Blindsight Read online

Page 11


  I sat in my car and buried my face in my hands. ‘What am I doing?’ I moaned. But I understand Richie now. He was making sure the boys loved him. He knew what he was about.

  The way to get what he wanted from me, which wasn’t love, was to treat me like dirt. I’ve thought a while about that phrase. It’s not a lazy choice and it isn’t easy. I mean women were base material. I was the handful he had picked up – and better quality than he’d found before: no clay in the mixture, good rich soil. So, for a while, Richie cultivated me.

  It’s an absurd metaphor and doesn’t hold up. But the truth in it is that I began to feel like something he held in the palm of his hand and ran his thumb through to feel the texture. I knew that he could toss me aside any time he wanted, so I worked at being more and more the thing lying in his palm. I practised the Alice Ferry who pleased him most. So I’ll let it stand.

  I rented a flat in Nile Street, with the Maitai River running at the bottom of the garden. I sat on the bank in the evenings, or on weekend afternoons when Richie did not want me, and heard the water sliding over stones. I admired its silkiness and the easy turning with which it found its way. A child floated by on an inner tube. He smiled at me as though I were part of the world. Those times were like an argument against Richie, stronger than the arguments of friends, who deplored him, found him the rudest, most arrogant etc., saw that he was using me and ruining me, saw that I was ill with him. A trout, speckled on its back and cream on its underside, held itself in the current by the flicking of its tail. It told me I should free myself from Richie. It lived entirely in its element.

  I opened my book and took up residence for a chapter or two. I thought about work and how I might publish my next paper without the Harvey director adding his name. I worried about Gordon for a while. His letters were friendly and full of chat (he had bought a motorbike and something had gone wrong with it, he couldn’t get it started) but said nothing about Marlene and nothing about him and me. I cooled my feet in the water, listening to radio music over two hedges – a flute breathing and a harp plinking – so on, so on, afloat above my yearning for Richie Ayres.

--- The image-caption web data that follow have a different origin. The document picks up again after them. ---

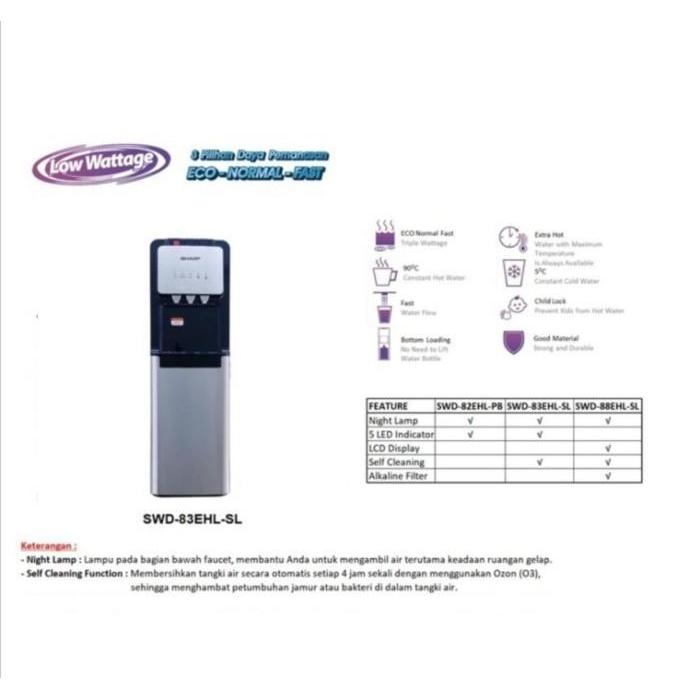 asastore221 SHARP SWD-83EHL-SL DISPENSER GALON BAWAH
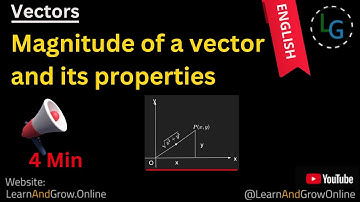 Magnitude of a Vector & Its Properties | Class 11 & 12 Math Basics in Simple English, (G12,C7,6)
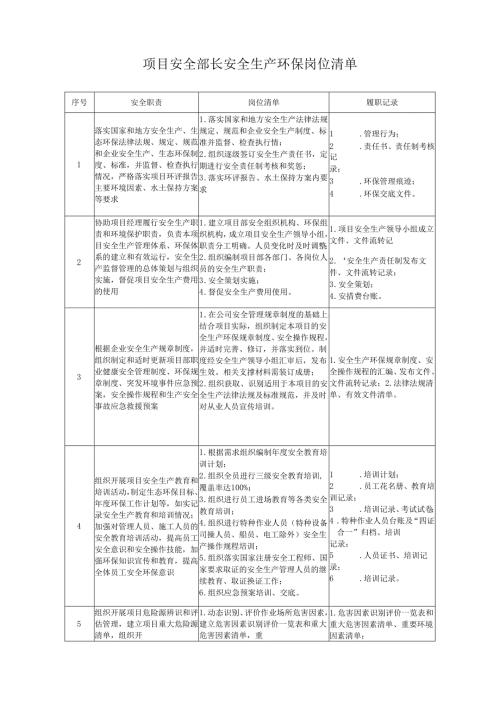 项目安全部长安全生产环保岗位清单.docx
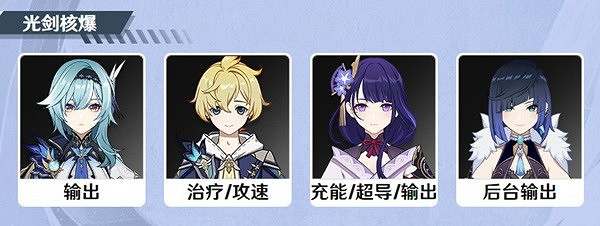 《原神》角色怎麽抽? 3.8版本角色池抽取建議 《原神》角色怎麽抽? 3.8版本角色池抽取建議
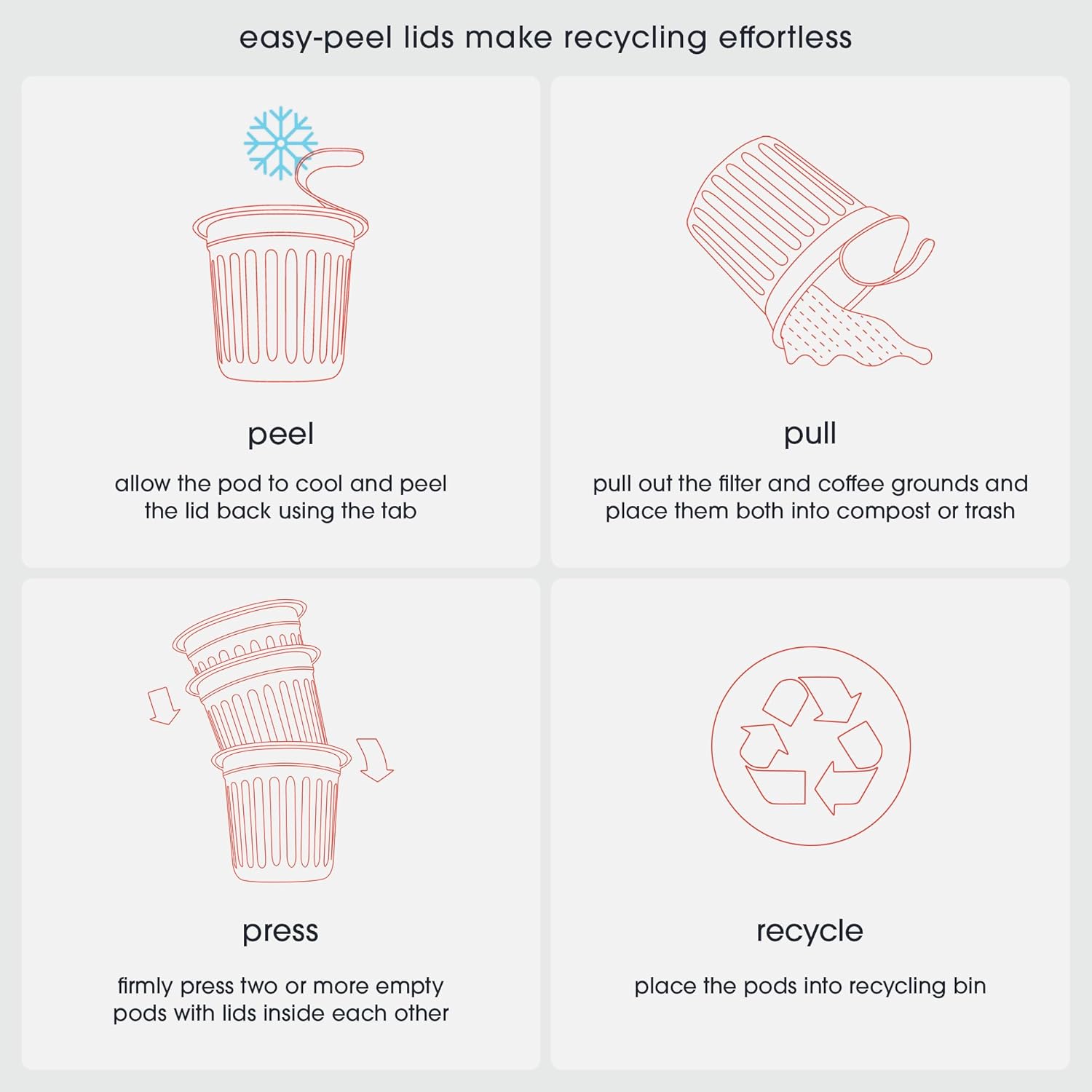 Cambio Roasters Sumatran Keurig Organic Coffee K Cups, Only Aluminum Keurig Coffee Pods with Organic Beans, More Flavor & Longer Lasting Freshness, Sumatran Light Roast K Cups, 10 count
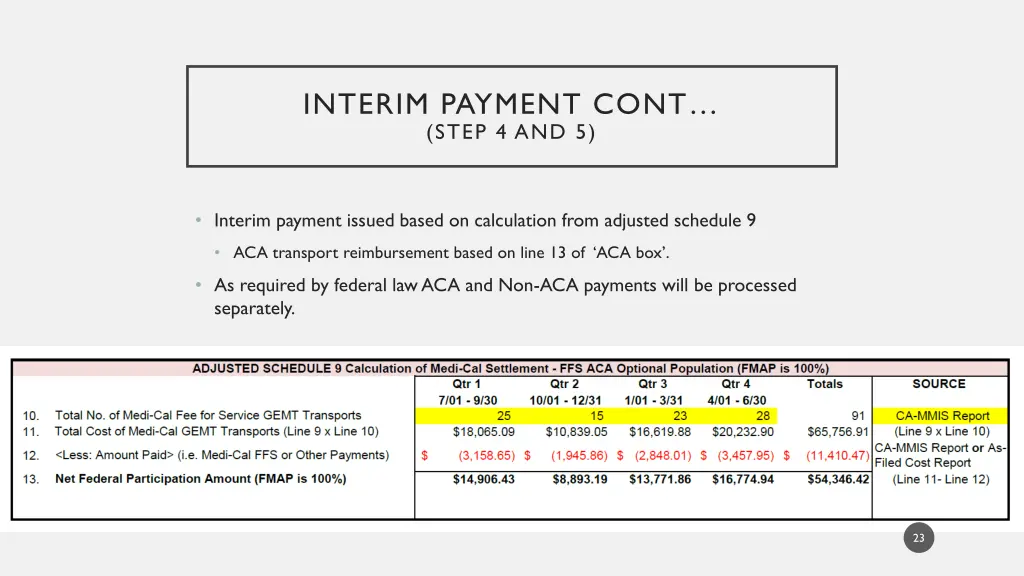 interim payment cont step 4 and 5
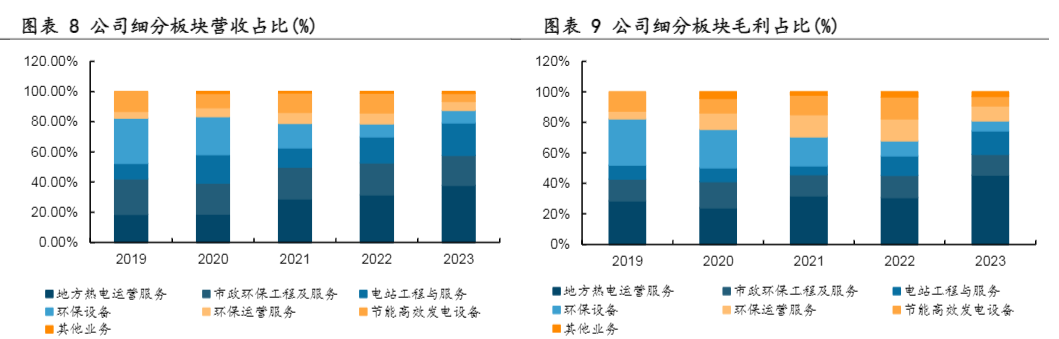 2024环保能源行业报告：氢能与火电改造引领战略转型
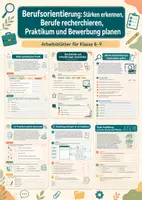 Vorschau - Arbeitsblätter - Berufsorientierung: Stärken erkennen, Berufe recherchieren, Praktikum und Bewerbung planen - Deckblatt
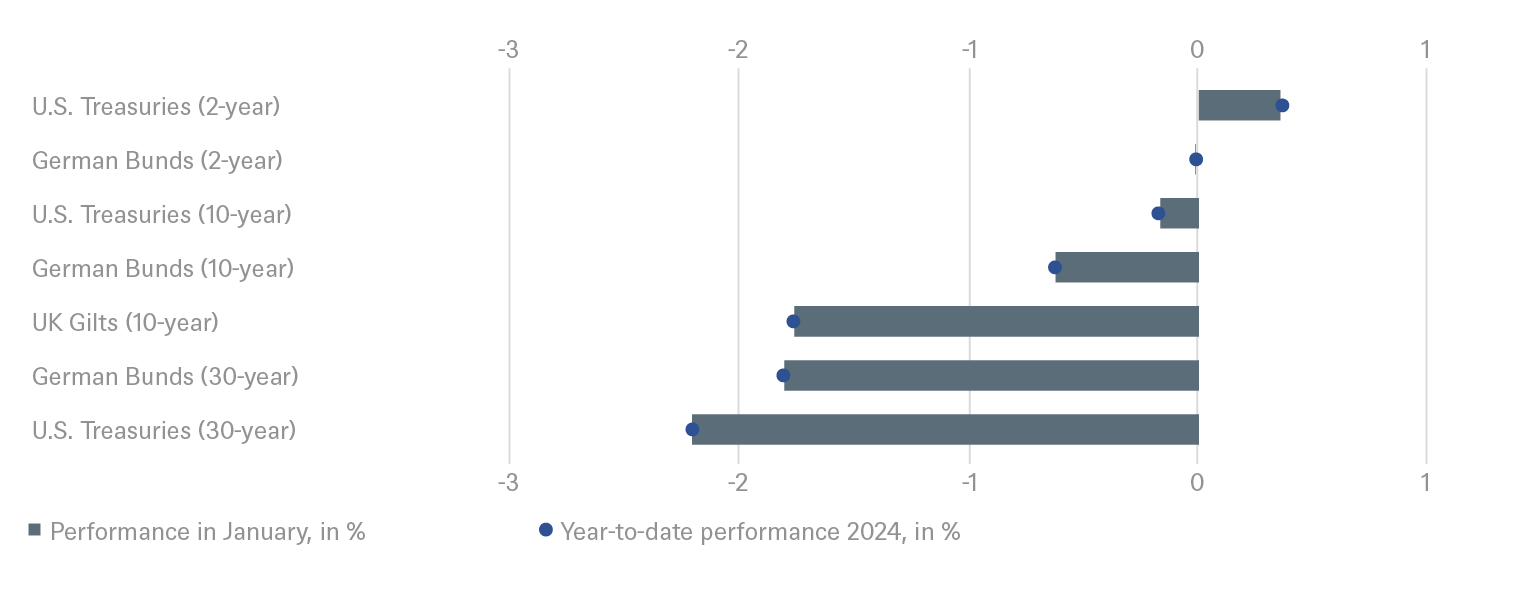 ITL_Figure 1_05022024.png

  I was driving to his place that evening to cook dinner. Before perhaps, but certainly afterwards, we would make love. I would creep out of his bed at four in the morning. and drive home, careful not to wake or compromise him. I was a woman of thirty who had had, and used in her way, half a dozen lovers. I was helpless in Richie Ayres’ hands.

  His flat was in Tahunanui, close to the beach. I drove there at six o’clock, with T-bone steaks bought the day before and a bottle of Chateauneuf du Pape supplied by a publican who thought it was plonk (he showed me a dusty case in a backyard shed and told me to suggest a price. We settled on one and six a bottle). I meant to surprise Richie and wanted him to say how clever I had been. The sun was setting behind the Arthur Range. Huge grey clouds turned purple and red. I hurried up his path under rhododendron trees, with agapanthus leaves stroking my thighs. I was hot with anticipation, and was a little mad. I meant to drag Richie to the window, show him the black mountains and the tumorous clouds, then slide my hands inside his shirt, round his furred back, and take him, wrestle him into his bed. Wine afterwards, steak later on.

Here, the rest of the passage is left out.